At a ramshackle fish farm floating off the coast of Pangkor Island, west Malaysia, I was attempting to catch my dinner. Made up of crisscrossed wooden beams with well-worn nets attached beneath, the structure bobbed gently with the swell of the sea.
In the tropical green water below teamed sea bass, red snappers and some monstrous-looking giant groupers.
“They’re as big as you,” laughed the weathered fish farmer as I edged my way back along the slats to shore. On a field-to-table food excursion, the plan was to cook up a storm that evening with whatever we found during the day.
But first, some shopping. We boarded our boat and set off for a nearby market. There, raffia bags bulged either side of the pavement with masses of dried squid and anchovies, while spilling out of open-fronted shops, tables groaned with dragon fruit and pineapples.
Noodle machines clacked, passers-by bartered for bundles of brightly coloured vegetables and street sellers shouted their prices over the din. Filling my bag with banana leaves, it was time to take my wares back to base.
Nestled on a 300-acre private island, the five-star Pangkor Laut Resort may be a hefty four-hour transfer from Kuala Lumpur (where we stayed overnight to break up the travelling), but it’s worth every second of the journey.
A small patch of heaven, Pangkor Laut provides everything you would expect from a private island: peace in spades, exceptional service (they’ll remember you like your Martini shaken, with a twist) and palm-lined white sandy beaches worthy of a postcard.
Thanks to their Chef’s Kitchen Experience, they also promise to turn even the most dreadful of cooks (like myself) into the next Raymond Blanc.
As you sail up to the jetty you get your first glimpse of the resort’s elegant dark wood sea villas, their stilts emerging from the clear, lapping waters of the Strait of Malacca.
Each villa is equipped with an enormous sunken bath and rainforest shower and a sleek wooden terrace with views out over the water.
While you are discouraged to jump into the water from your sea villa itself, the aptly named Emerald Bay is just a short shuttle ride away.

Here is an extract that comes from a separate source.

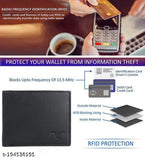 Black top-grain leather RFID-protected men's wallet & pen combo, features 2 cash compartments, 4 card slots, and coin pocket. Ideal for gifting on various occasions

Set back in a secluded inlet, a discreetly placed net catches any jellyfish, meaning you can swim and walk along the shore without fear of a sting.
Hammocks and rope swings hang from branches overhead and offer the perfect place for an afternoon nap.

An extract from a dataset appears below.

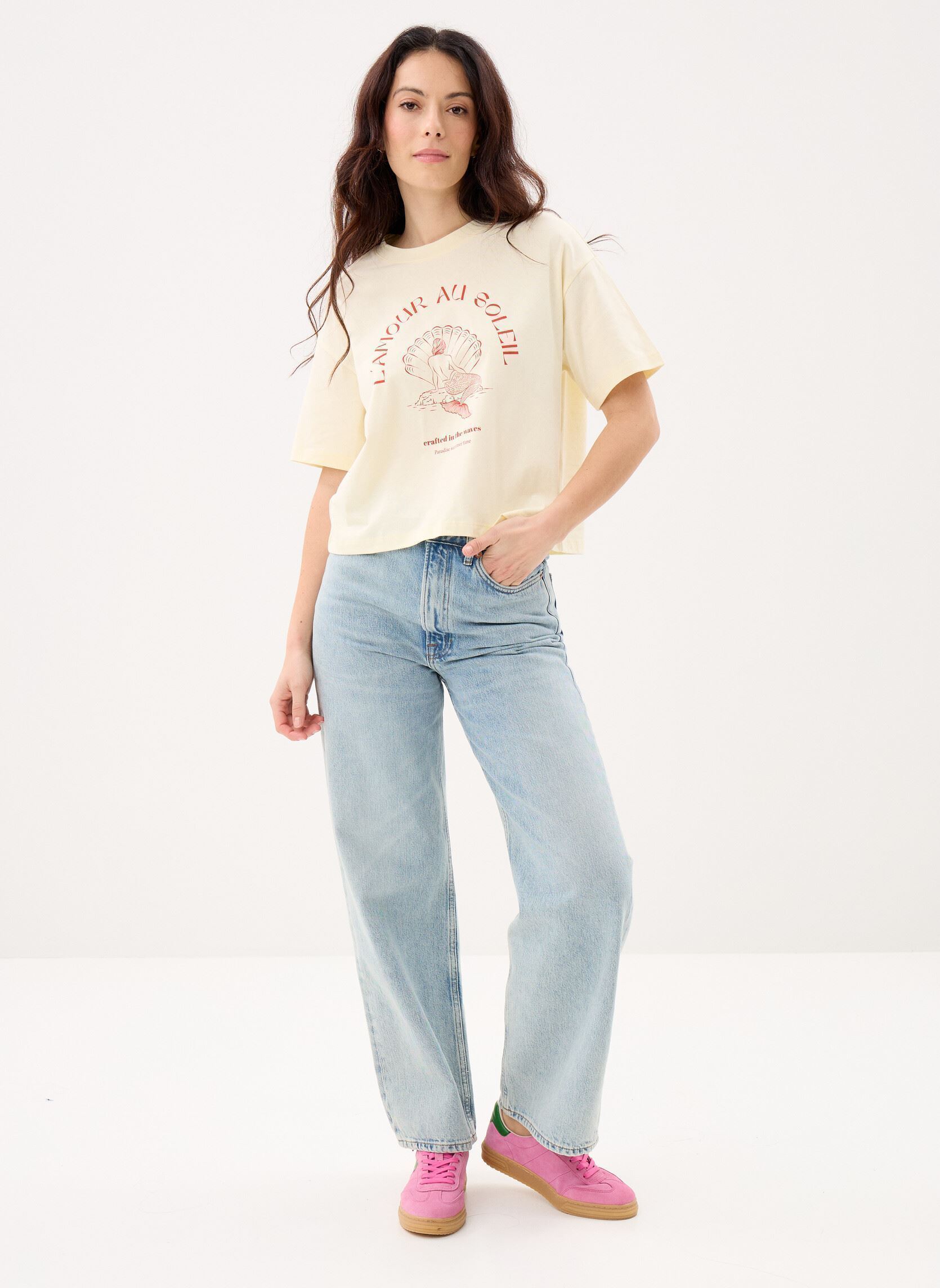 Tee-shirts manches courtes Yacob femme jaune Des Petits Hauts Tee-shirts manches courtes Yacob femme jaune Shell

Hopping off the boat, we walked under a sea almond tree laden with hundreds of dangling fruit bats. Elsewhere on the island, you might find a wild boar and its babies, great hornbills, water monitor lizards and even a pangolin.
But for us, it was time to cook. As the sun began to dip, I took a seat at the resort’s seafront kitchen. Pangkor Laut’s head chef added his expertise and together we prepared the fruits of our excursion.

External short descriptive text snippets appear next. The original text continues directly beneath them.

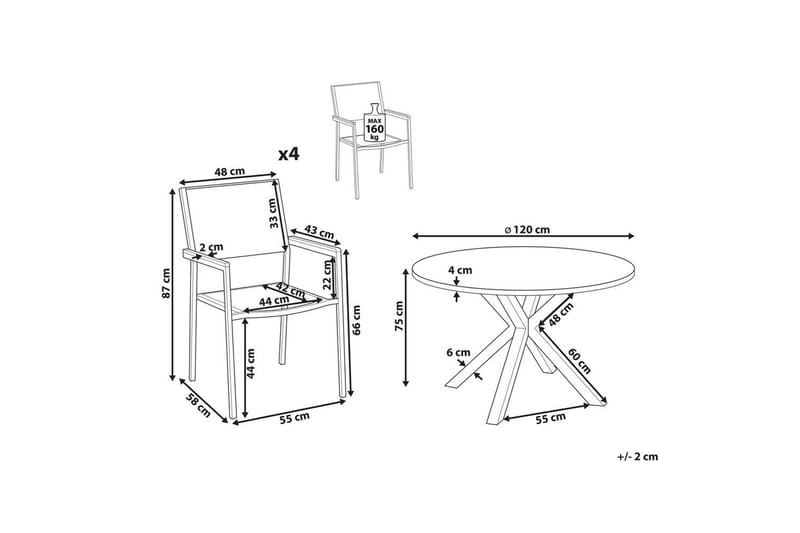 Matsalsset Maletto/Grosseto Svart/Silver - Svart/Silver - Utemöbler - Utegrupp - Matgrupp utomhus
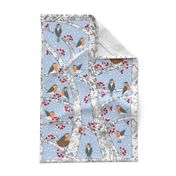 ROBINS in the Winter Berries Tea Towel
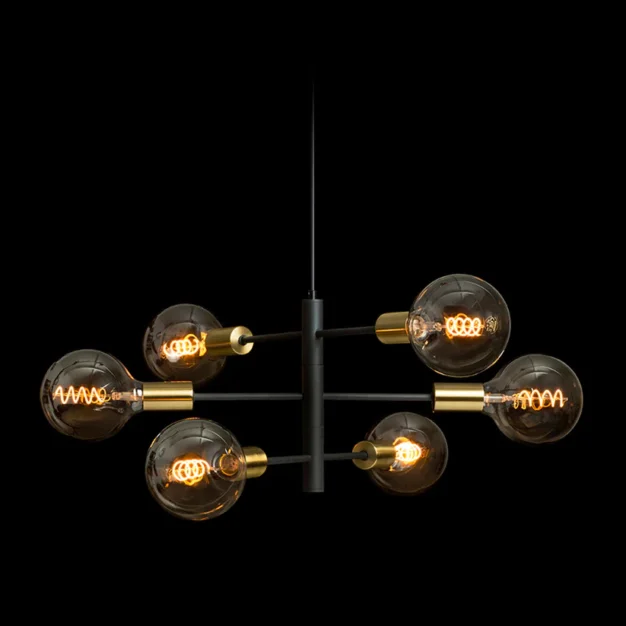 pendul Artemia 6 Rendl lustra cu 6 brate design nordic negru mat detalii aurii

As our creation began to gently simmer, the scents of spices and freshly chopped chilli swept up from the pan. Then, served on a smoked banana leaf, I tucked into our feast of Malaysian spiced red snapper and sticky white rice.
Fresh and delicious, it certainly tasted better than anything I’d ever cooked before. But then again, it’s not every day you get to cook on your own private island.
Rooms at Pangkor Laut Resort (pangkorlautresort.com) start at £302 per night, including breakfast.
Rooms at Hotel Stripes (stripeskl.com), Kuala Lumpur, start at £74 per night.
British Airways operates direct flights from London Heathrow to Kuala Lumpur, with fares available from £539 return.